WHAT IS EXPECTED →
From the line that contains "2-этажный коттедж 370 м² с отделкой" to the final line of the records below, print each line exactly and leave every picture out.

MATERIAL FOR THE TASK Start Marker

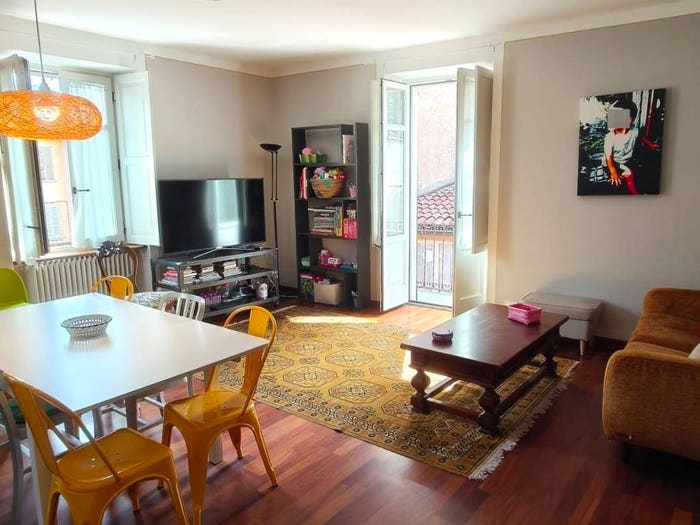 Appartamento con 6 locali in vendita in Via De Luatti, Centro, Cannobio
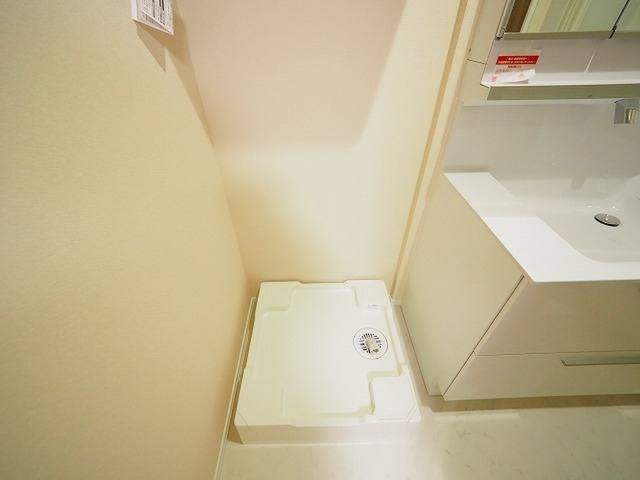 Urban　RISM  Court　西宮北口の洗面所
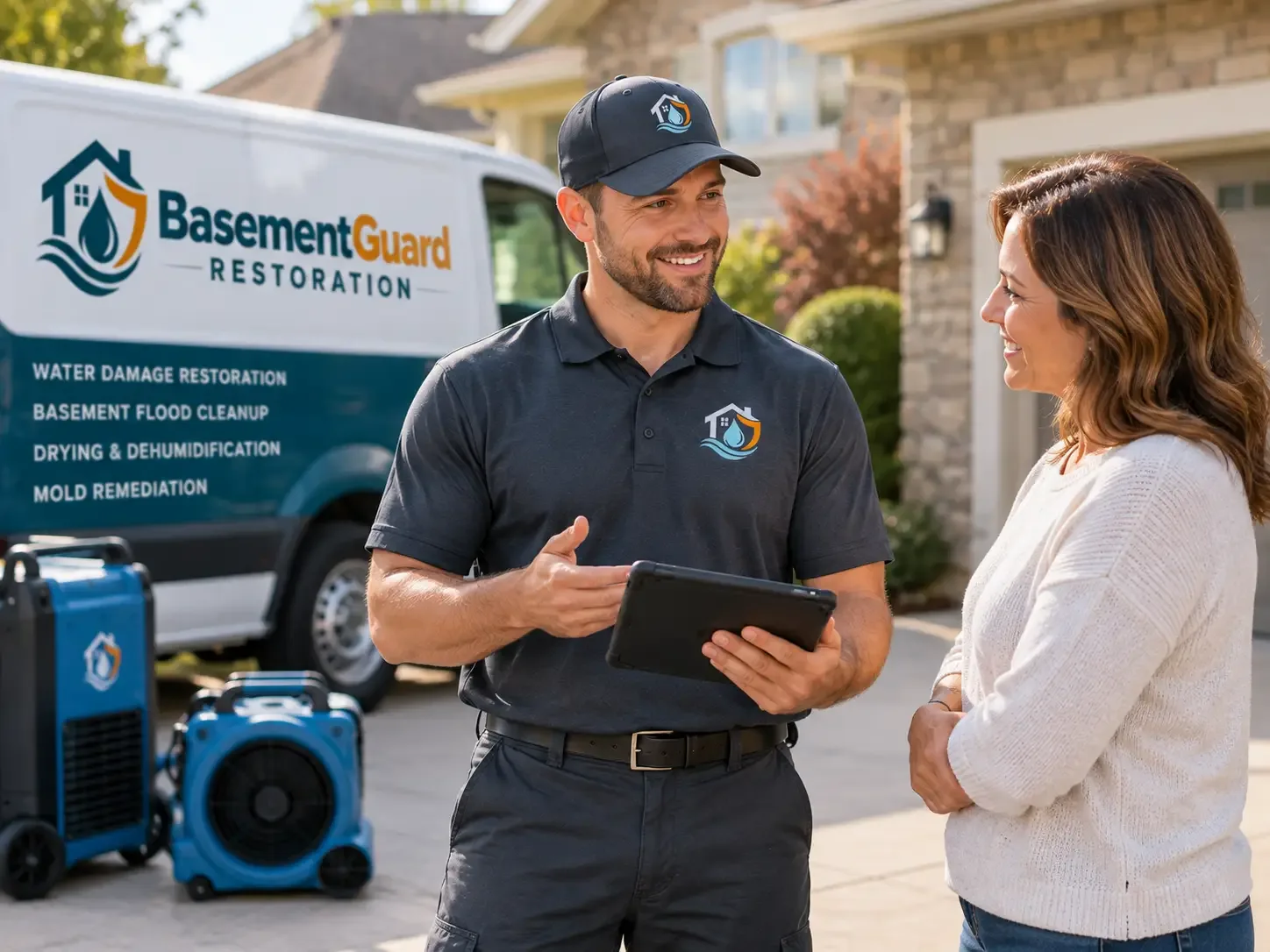Basement Water Damage Restoration Marble Rock, IA FAQs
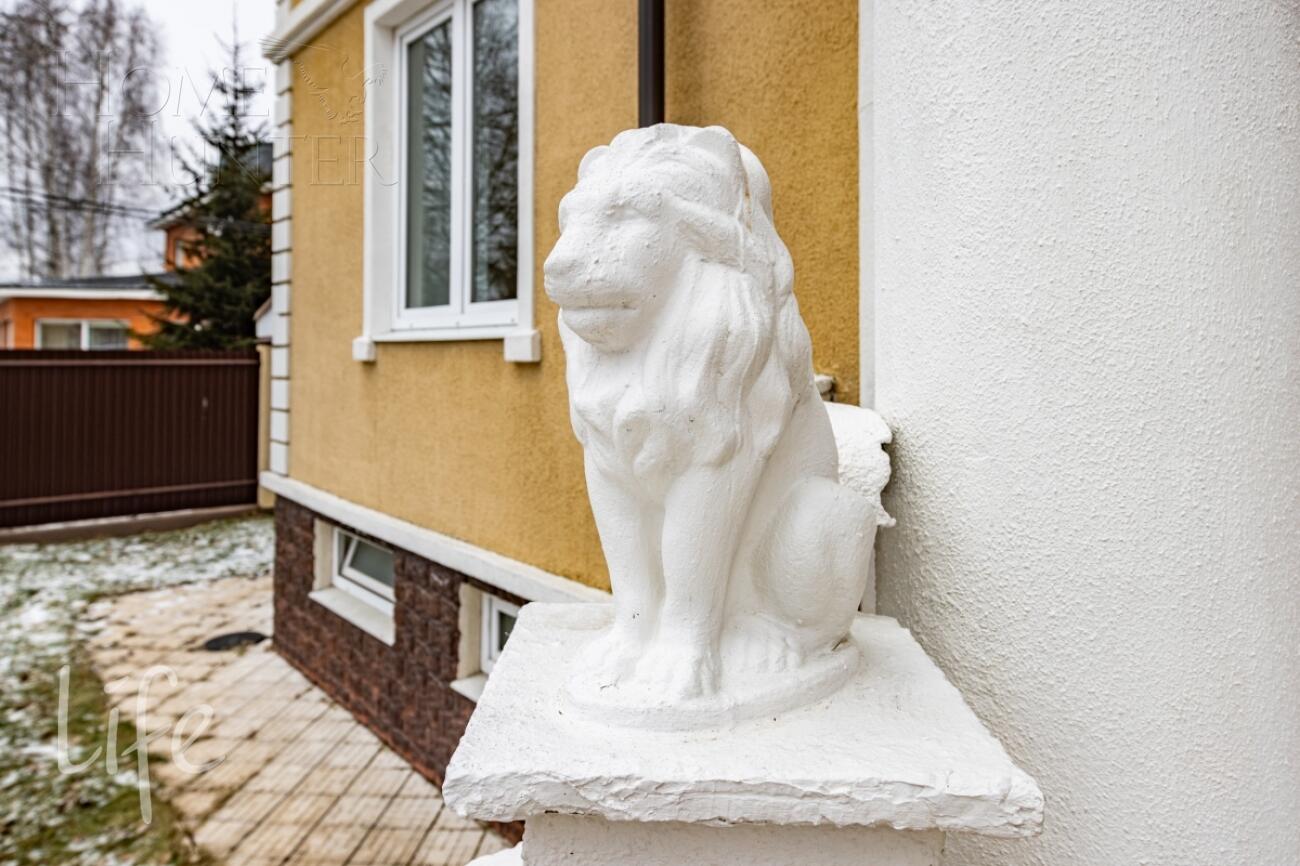 2-этажный коттедж 370 м² с отделкой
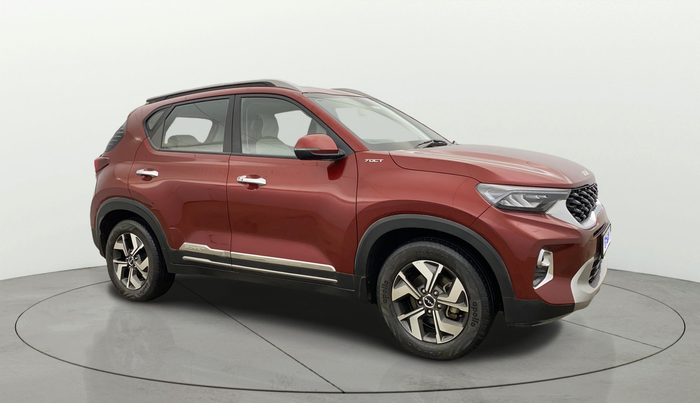 2023 KIA SONET HTX 1.0 DCT, Petrol, Automatic, 38,228 km, SRP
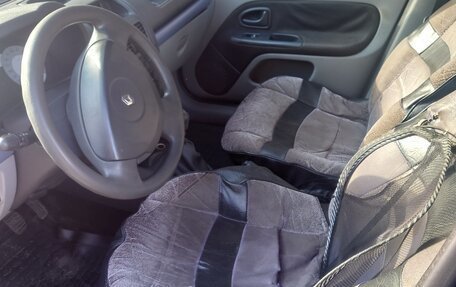 Renault Symbol, 2008 год, 320 000 рублей, 9 фотография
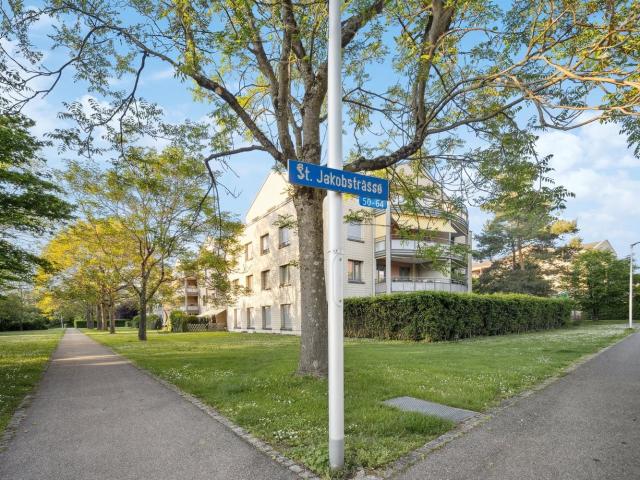 Apartment mieten in Aesch (BL), Basel-Landschaft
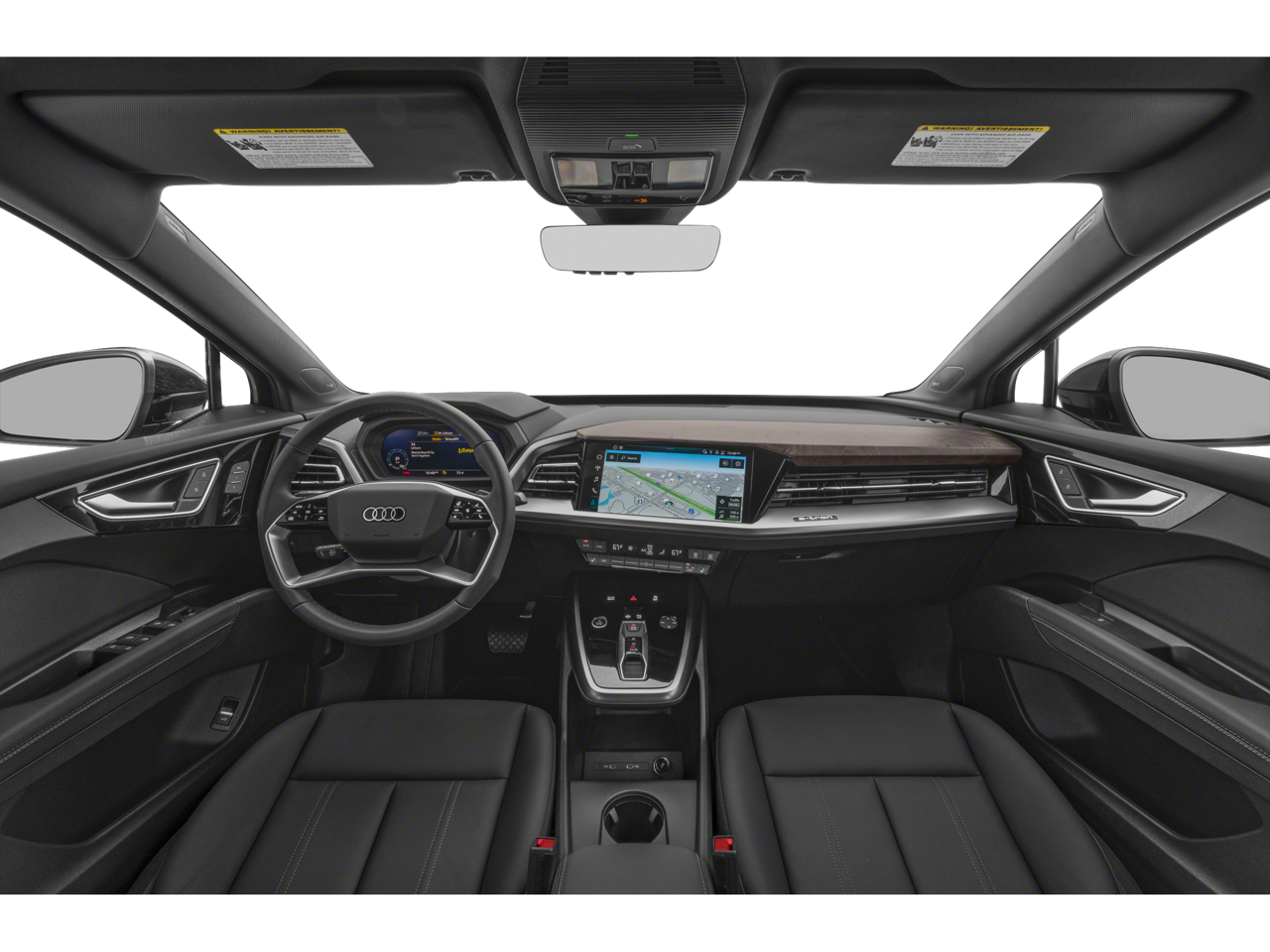 2023 Audi Q4 Sportback e-tron Premium Plus quattro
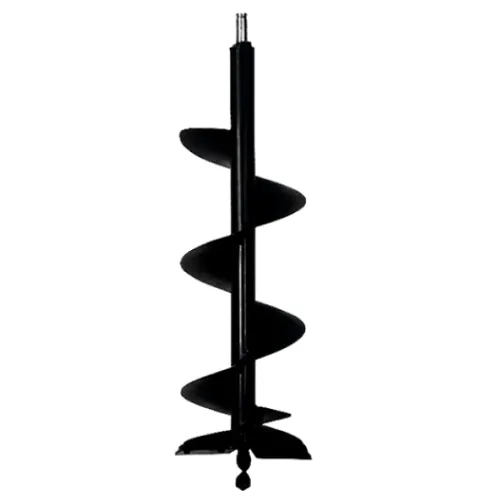 Broca para Perfurador de Solo Bristol BT121 300 mm Helicoidal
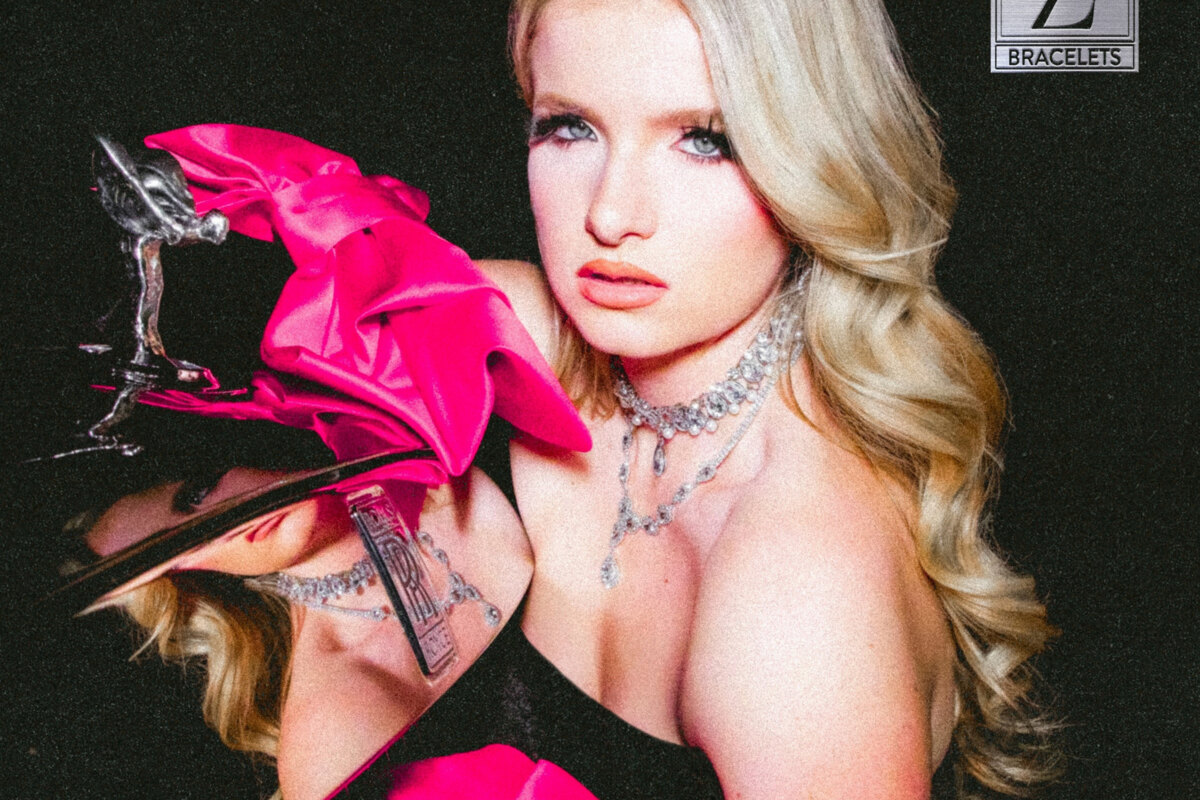 Electro-Pop Artist Izza Releases New Single/Video "Love Bracelets"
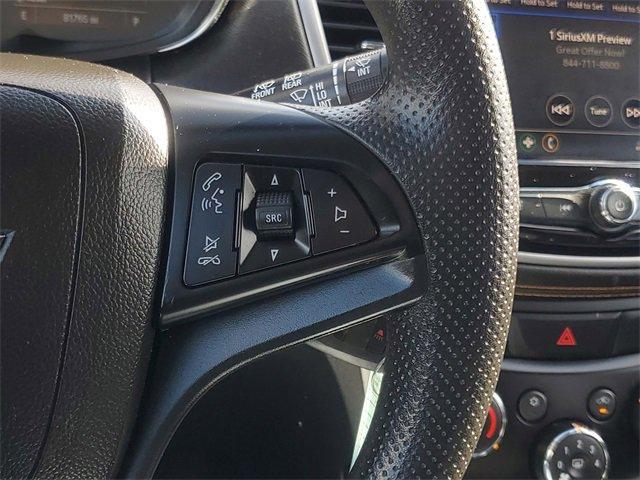 used 2021 Chevrolet Trax car, priced at $12,495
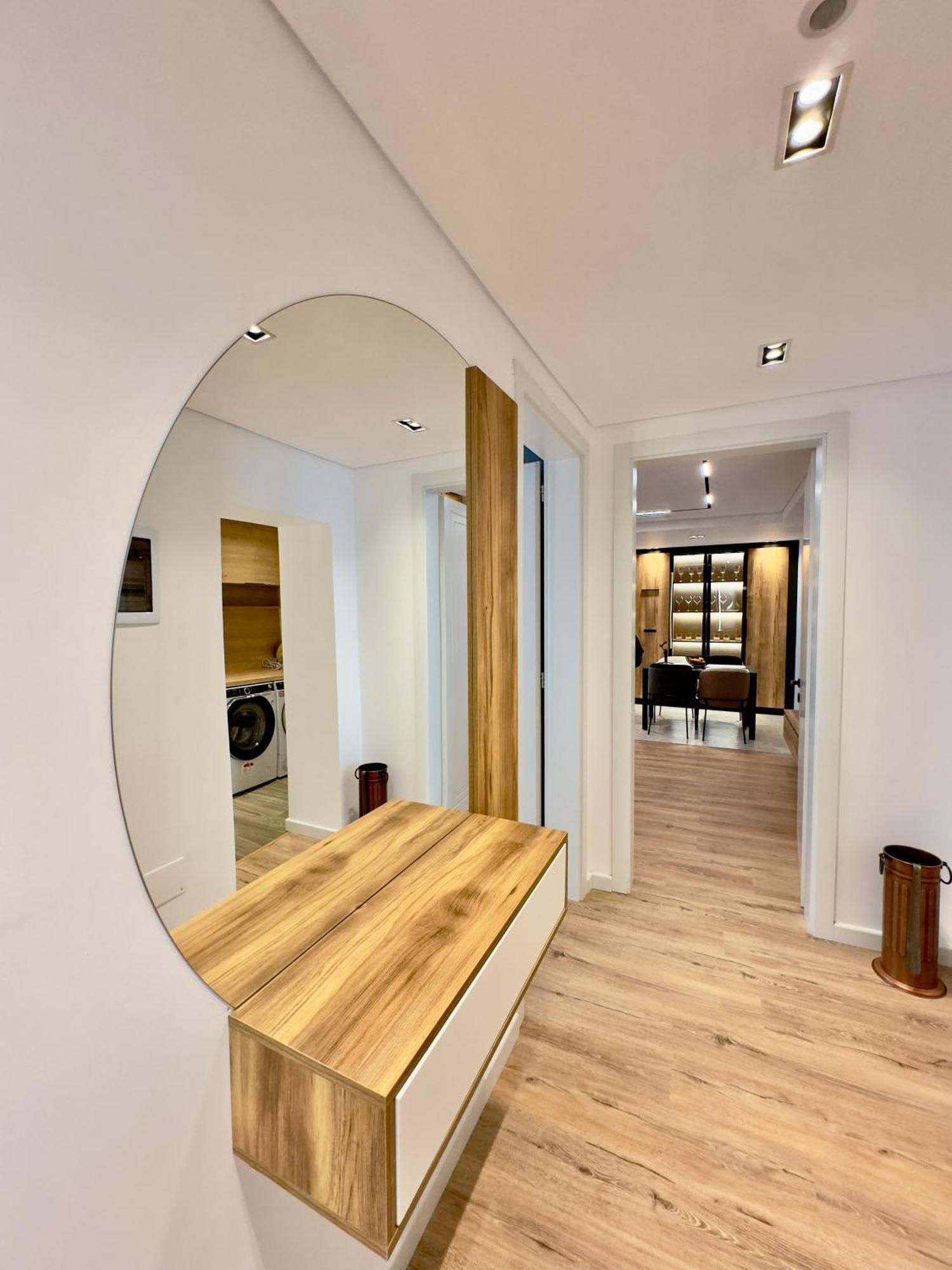 Soinn'S Apartament Тирана Экстерьер фото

MATERIAL FOR THE TASK End Marker

WRITTEN RESPONSE →
 2-этажный коттедж 370 м² с отделкой
 2023 KIA SONET HTX 1.0 DCT, Petrol, Automatic, 38,228 km, SRP
 Renault Symbol, 2008 год, 320 000 рублей, 9 фотография
 Apartment mieten in Aesch (BL), Basel-Landschaft
 2023 Audi Q4 Sportback e-tron Premium Plus quattro
 Broca para Perfurador de Solo Bristol BT121 300 mm Helicoidal
 Electro-Pop Artist Izza Releases New Single/Video "Love Bracelets"
 used 2021 Chevrolet Trax car, priced at $12,495
 Soinn'S Apartament Тирана Экстерьер фото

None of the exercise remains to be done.